Work request:
Data follows below. Repeat exactly the lines between the line holding "Regarding HTP versus" and the line holding "This is actually", inclusive, and nothing more; drop pictures.

[Start of section]

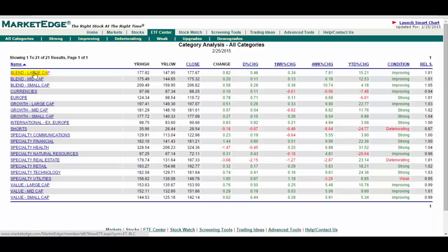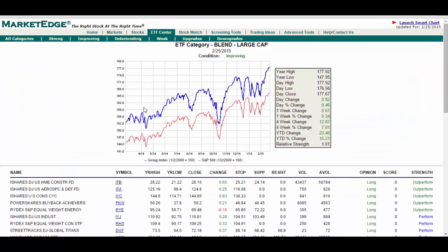By clicking on a category in the ETF center, a list of ETFs that fit the characteristics of the category are displayed and ranked according to second opinion as long, neutral, or void. A strength rating is also added which rates the likelihood that an ETF will outperform, underperform, or perform in line with the broader market as measured by the S&P 500.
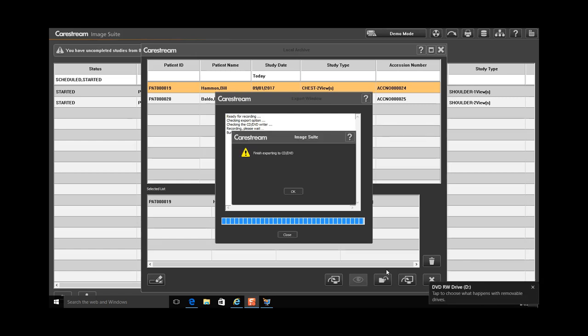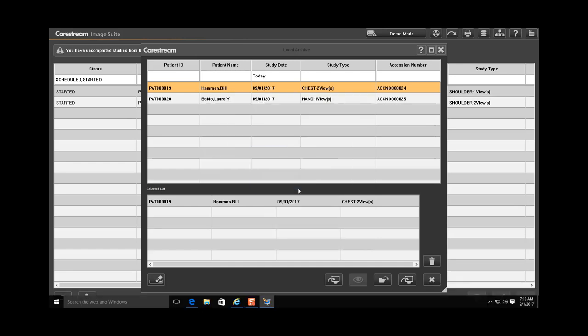Click OK. Your CD will automatically eject upon completion. Click Exit to close the Local Archive dialog box.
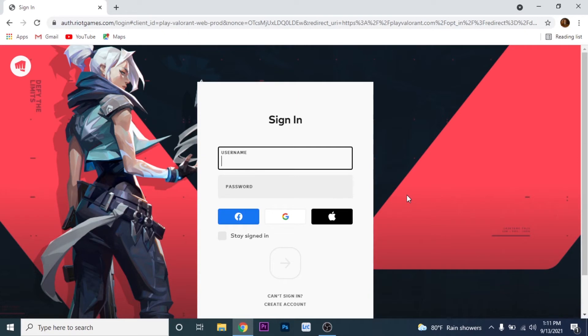Now you can sign in with your Valorant account, or you can sign in with your Facebook, Google, or Apple ID. So put in your username.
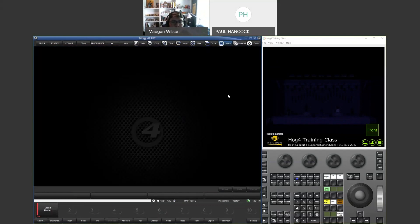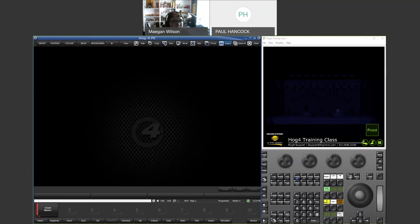Regarding HTP versus LTP on ArtNet output: you can't specify HTP/LTP priority within HOG's ArtNet settings. Your ArtNet node itself might be able to do an ArtNet merge for HTP vs LTP, but HOG does not allow you to specify that internally. On sACN, however, you can set priority.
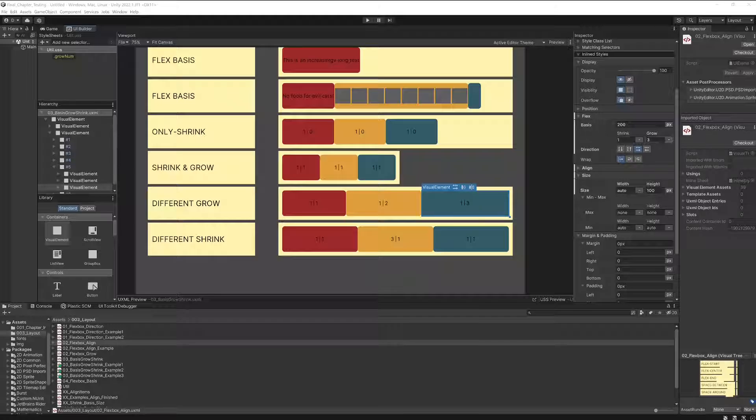This is actually touching what we are working on right now, which is the shrink and the grow properties.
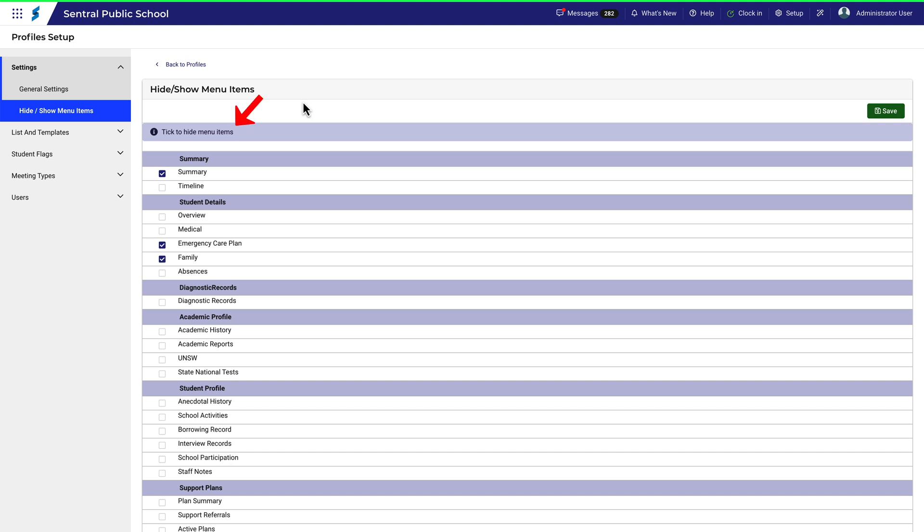This is a simple tick box exercise to choose which menu items you'd like to hide from view after a search has been completed. Let's take a quick look.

[End of section]

Your response:
Regarding HTP versus LTP on ArtNet output: you can't specify HTP/LTP priority within HOG's ArtNet settings. Your ArtNet node itself might be able to do an ArtNet merge for HTP vs LTP, but HOG does not allow you to specify that internally. On sACN, however, you can set priority.
This is actually touching what we are working on right now, which is the shrink and the grow properties.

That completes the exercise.